Problem statement
Transcribe exactly the lines from the one holding "Saloni Suit Set" through the closing line of the entries below. Pictures stay out of the copy.

(Data items)
╭──

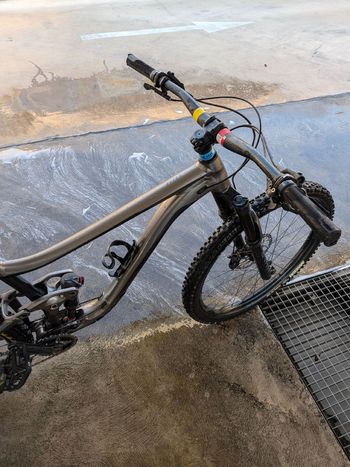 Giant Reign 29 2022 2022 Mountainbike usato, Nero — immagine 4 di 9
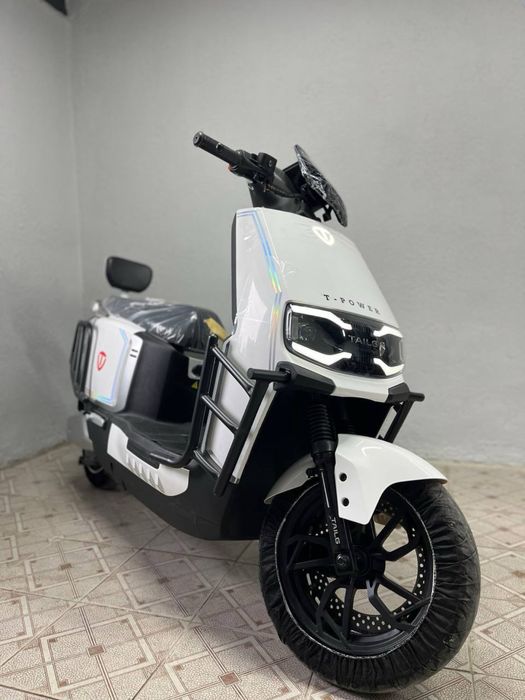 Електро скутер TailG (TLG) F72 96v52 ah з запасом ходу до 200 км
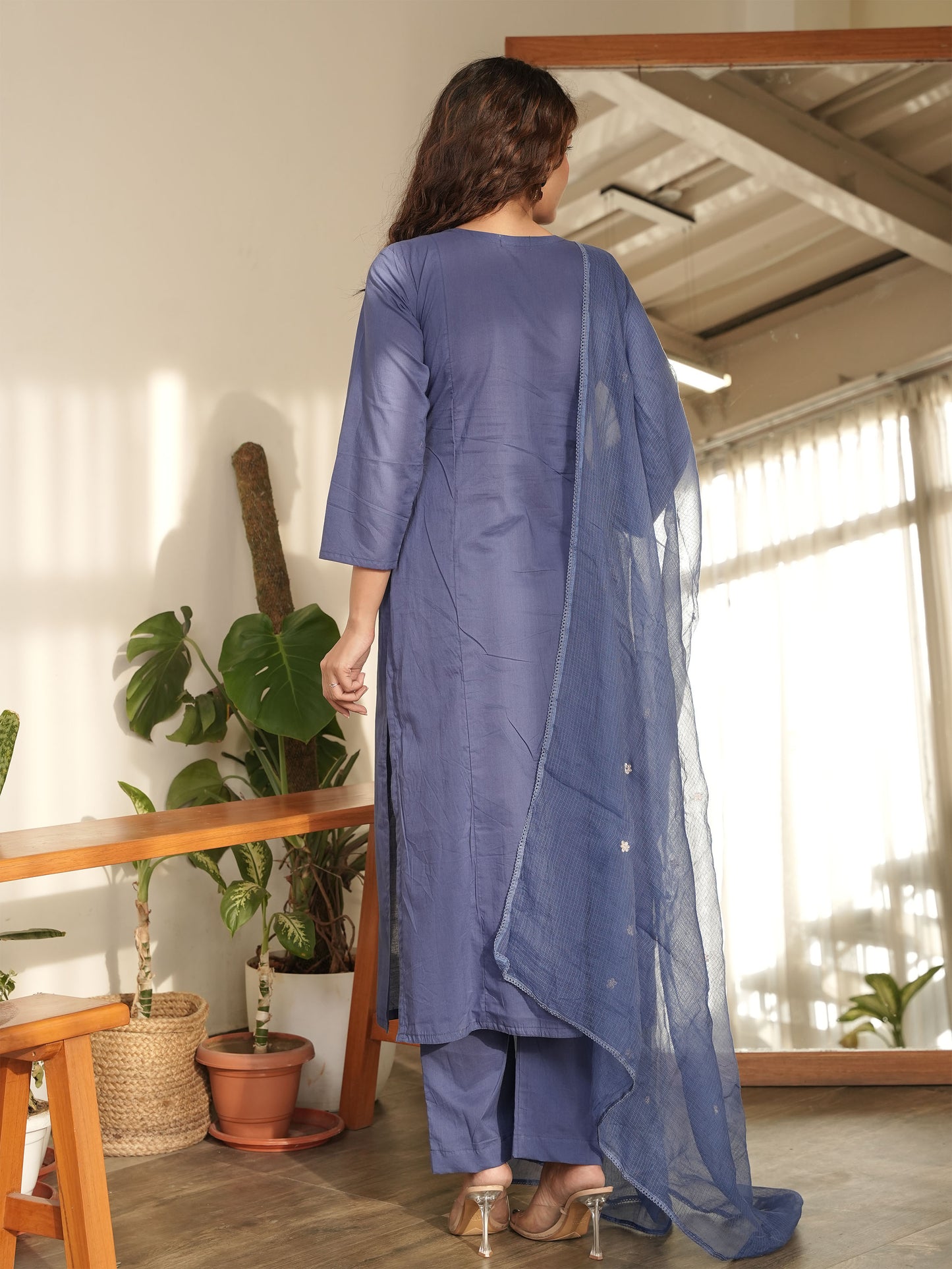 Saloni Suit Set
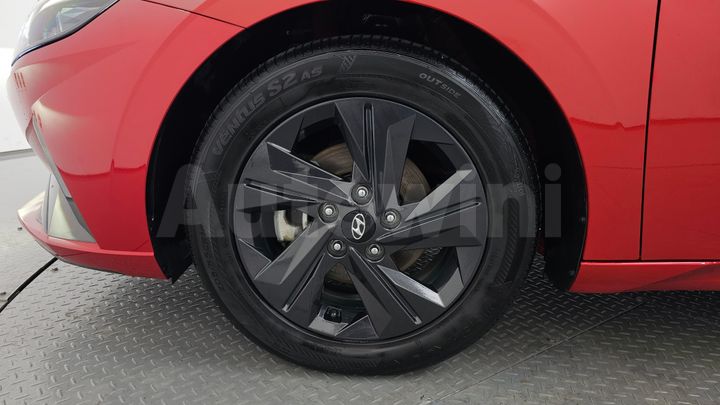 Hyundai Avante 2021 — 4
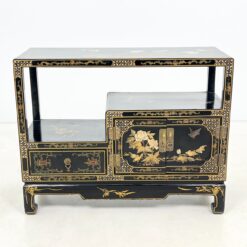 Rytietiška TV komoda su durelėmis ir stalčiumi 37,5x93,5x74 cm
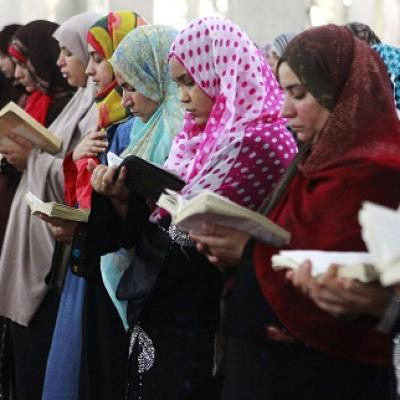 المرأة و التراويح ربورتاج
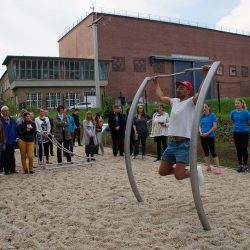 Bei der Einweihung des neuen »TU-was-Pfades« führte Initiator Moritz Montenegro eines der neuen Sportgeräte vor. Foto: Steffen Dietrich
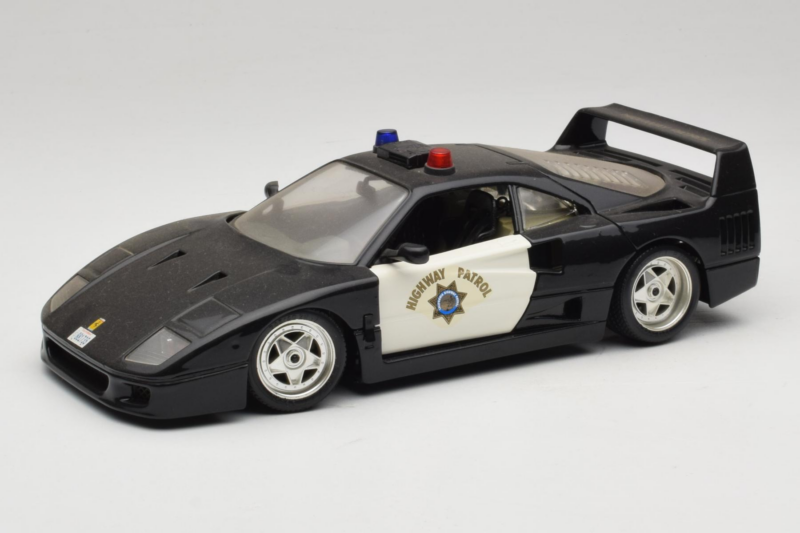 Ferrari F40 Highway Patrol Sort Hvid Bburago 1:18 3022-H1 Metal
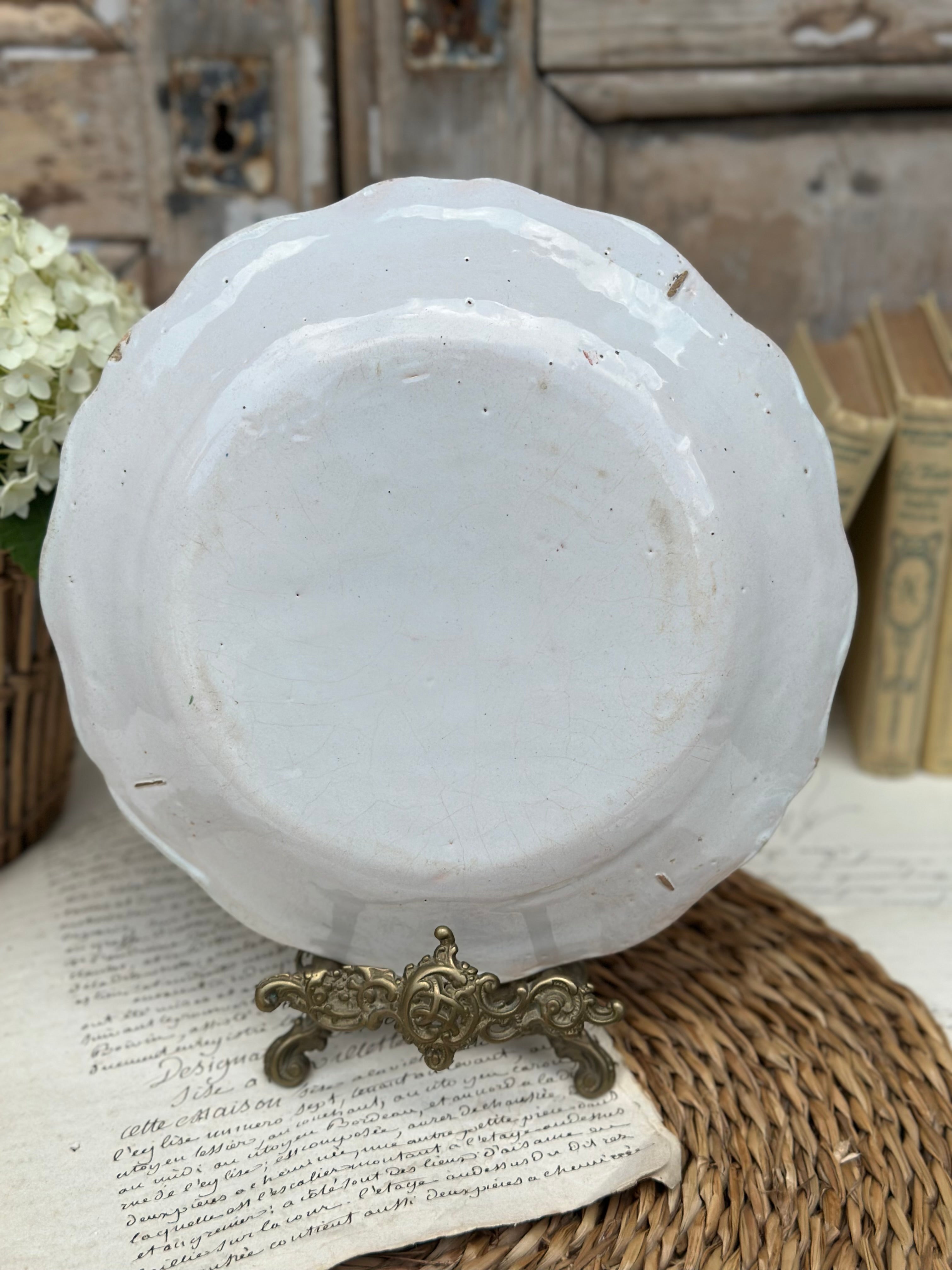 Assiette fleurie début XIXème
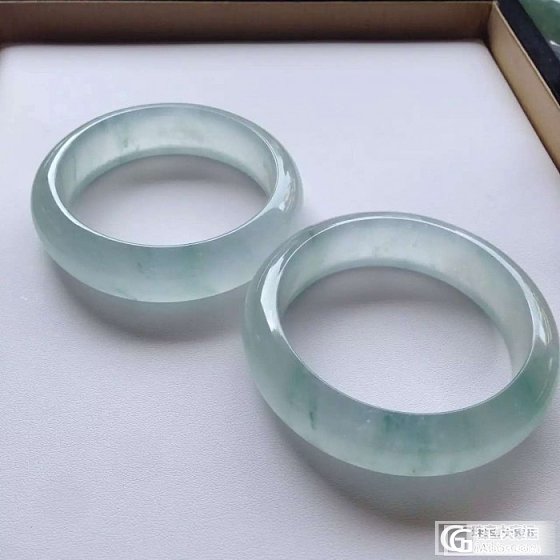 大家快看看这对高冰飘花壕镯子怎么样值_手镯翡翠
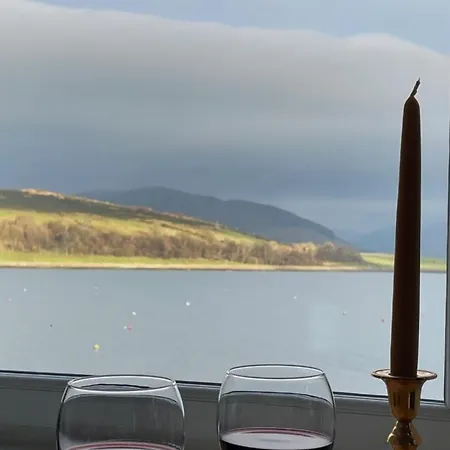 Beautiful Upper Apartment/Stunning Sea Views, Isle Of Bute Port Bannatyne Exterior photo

╰──

Response area
 Saloni Suit Set
 Hyundai Avante 2021 — 4
 Rytietiška TV komoda su durelėmis ir stalčiumi 37,5x93,5x74 cm
 المرأة و التراويح ربورتاج
 Bei der Einweihung des neuen »TU-was-Pfades« führte Initiator Moritz Montenegro eines der neuen Sportgeräte vor. Foto: Steffen Dietrich
 Ferrari F40 Highway Patrol Sort Hvid Bburago 1:18 3022-H1 Metal
 Assiette fleurie début XIXème
 大家快看看这对高冰飘花壕镯子怎么样值_手镯翡翠
 Beautiful Upper Apartment/Stunning Sea Views, Isle Of Bute Port Bannatyne Exterior photo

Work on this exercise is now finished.